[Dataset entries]
☆ ☆ ☆ ☆ ☆

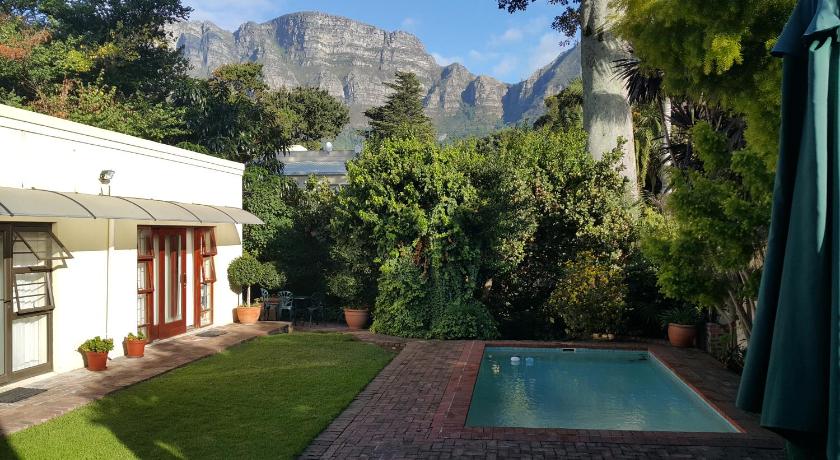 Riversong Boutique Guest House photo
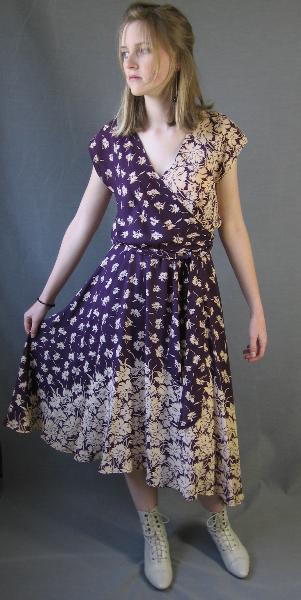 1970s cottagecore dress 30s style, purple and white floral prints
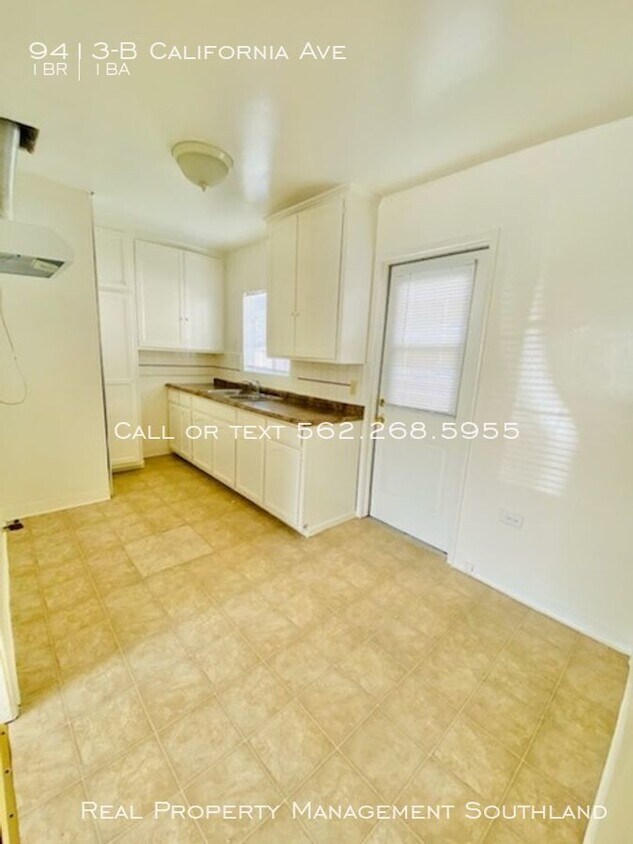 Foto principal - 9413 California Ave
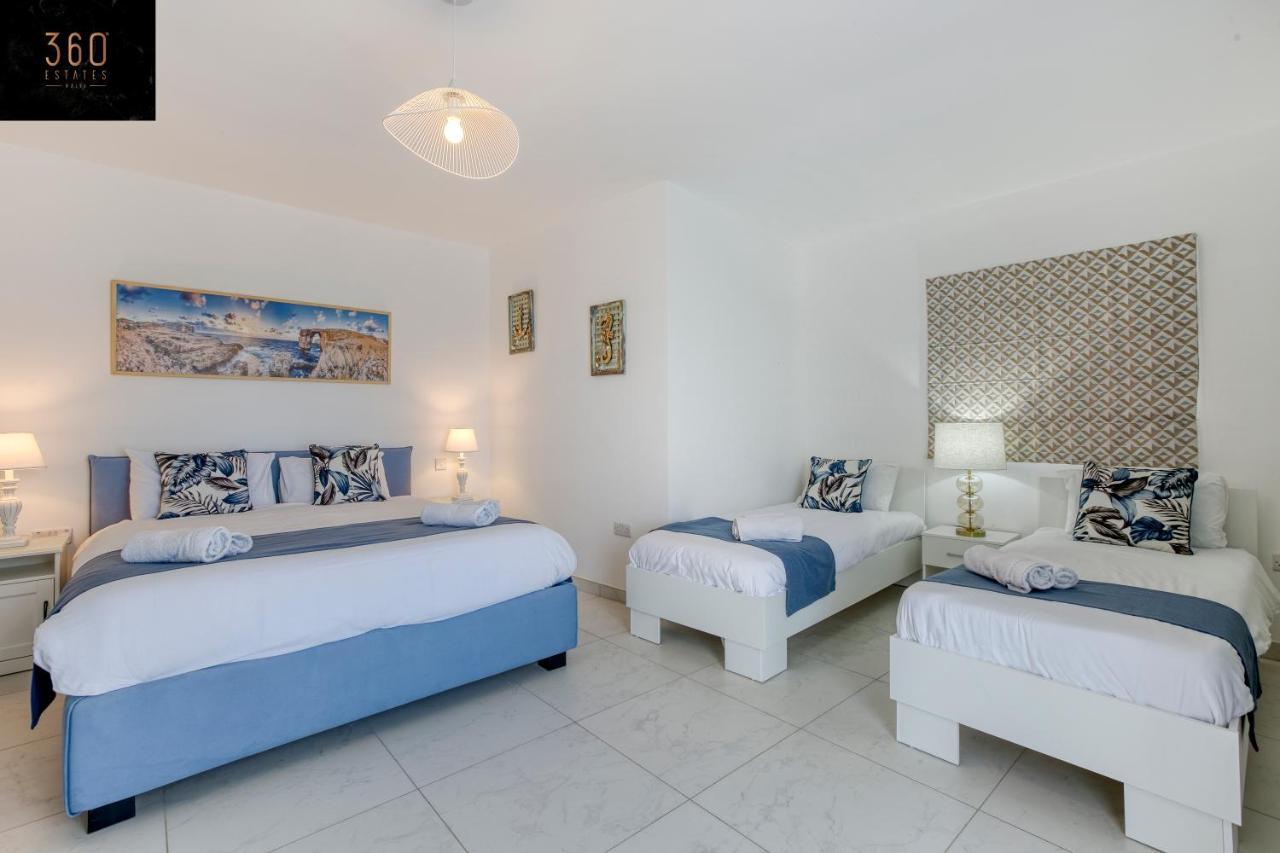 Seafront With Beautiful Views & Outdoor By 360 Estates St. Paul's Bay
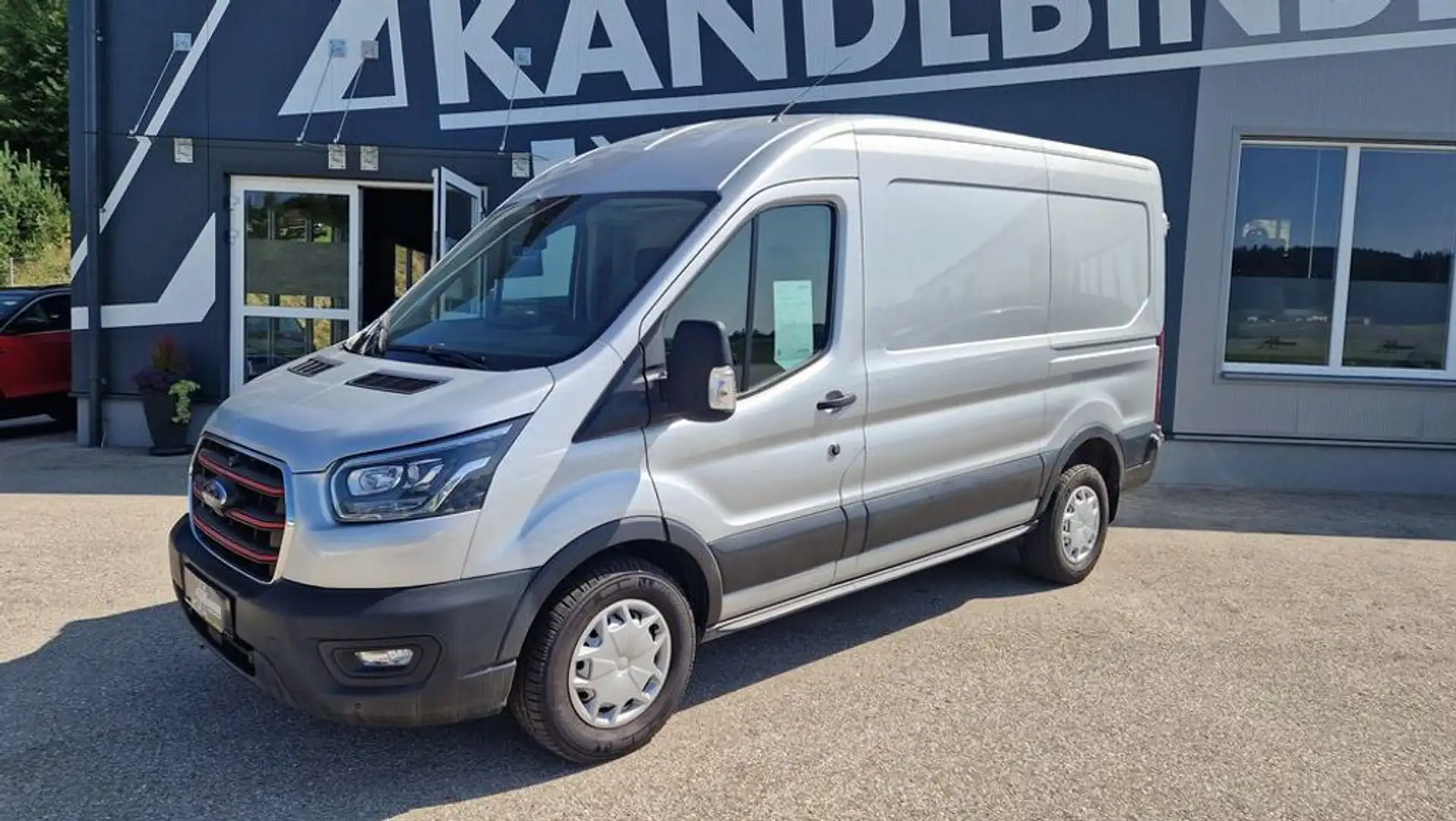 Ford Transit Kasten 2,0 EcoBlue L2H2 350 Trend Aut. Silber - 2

☆ ☆ ☆ ☆ ☆

### Work to complete
Would you please repeat the entries above verbatim, excluding each picture?

### Solved problem
 Riversong Boutique Guest House photo
 1970s cottagecore dress 30s style, purple and white floral prints
 Foto principal - 9413 California Ave
 Seafront With Beautiful Views & Outdoor By 360 Estates St. Paul's Bay
 Ford Transit Kasten 2,0 EcoBlue L2H2 350 Trend Aut. Silber - 2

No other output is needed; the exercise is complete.